Jack once had the back of his car smashed in while he was changing a tyre, and now it's second nature with him, when he stops off the road, to set out a flare. It sputtered in his hand, now, then flared into smoky pinkred flame, and as Jack raised it high to jam the spike into the ground, I shoved a key into the lock of his trunk, twisting it frantically.

Then Jack had the keys, yanking them from the lock. He found the right one, inserted it, turned, then heaved up the lid of the trunk. And there they lay, in the advancing, retreating waves of flickering red light: two enormous pods already burst open in one or two places, and I reached in with both hands, and tumbled them out onto the dirt.
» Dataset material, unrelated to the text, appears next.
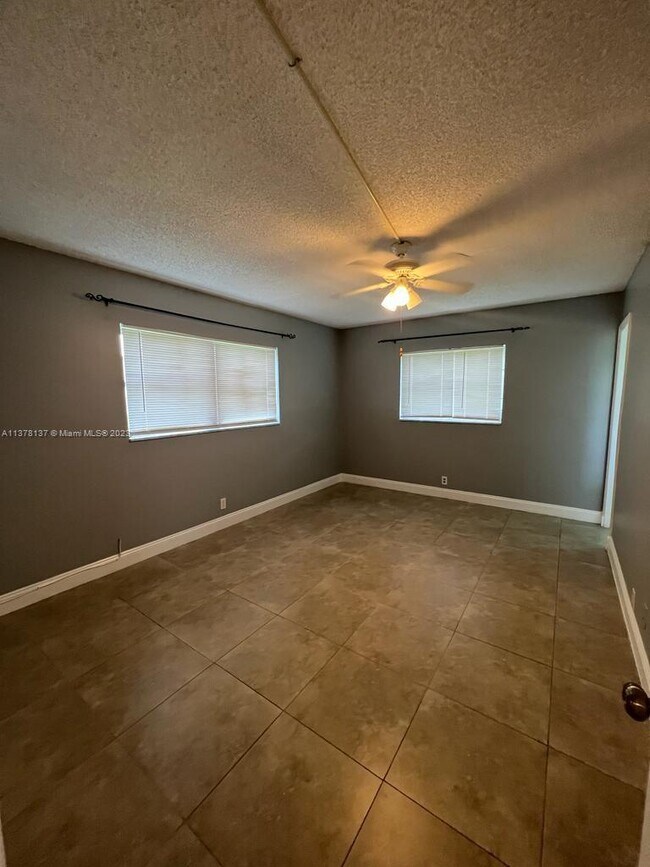 7305 NW 4th Pl Unit 108, Margate, FL 33063 Condo for Rent in Margate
They were as weightless as children's balloons, harsh and dry on my palms and fingers. At the feel of them on my skin, I lost my mind completely, and then I was trampling them, smashing and crushing them under my plunging feet and legs, not even knowing that I was uttering a sort of hoarse, meaningless cry - "Unhh! Unhh! Unhh!" - of fright, animal disgust, and rage. The wind had the flare, twisting the flame till it sputtered and choked, and on the high cutaway embankment beside me, I saw a giant shadow - mine - squirming and dancing in a wild, flickering, insane caper, the whole nightmare scene bathed in a mad light the colour of froth from a wound, and I think I came close to losing my mind.

Jack was yanking hard on my arm, dragging me away, and we turned to the trunk again. Jack pulled out the red-painted, spare can of gasoline he carried. He got the top off, and there at the side of the road, in the pink washes of smoky light, he drenched those two great weightless masses, and they dissolved into a mushy pulp of nothingness. Then I had the flare, wrenching it from the ground, and, running back, I hurled it into the soupy mass lying there in the dirt and gravel.

Pulling away fast, the car bumping onto the road again, I looked back, and the flames suddenly shot high, five or six feet; orange flames in a pink wash of light, the thick, greasy smoke twisting and rolling away in the heat waves. Watching, as Jack shifted into second, and then into high, I saw the flames drop quickly and subside into a score of inch-high, blue-and-red flickering tongues, the smoke blood-pink once again. Suddenly they went out, or were lost to view over a small rise of ground, I never knew which.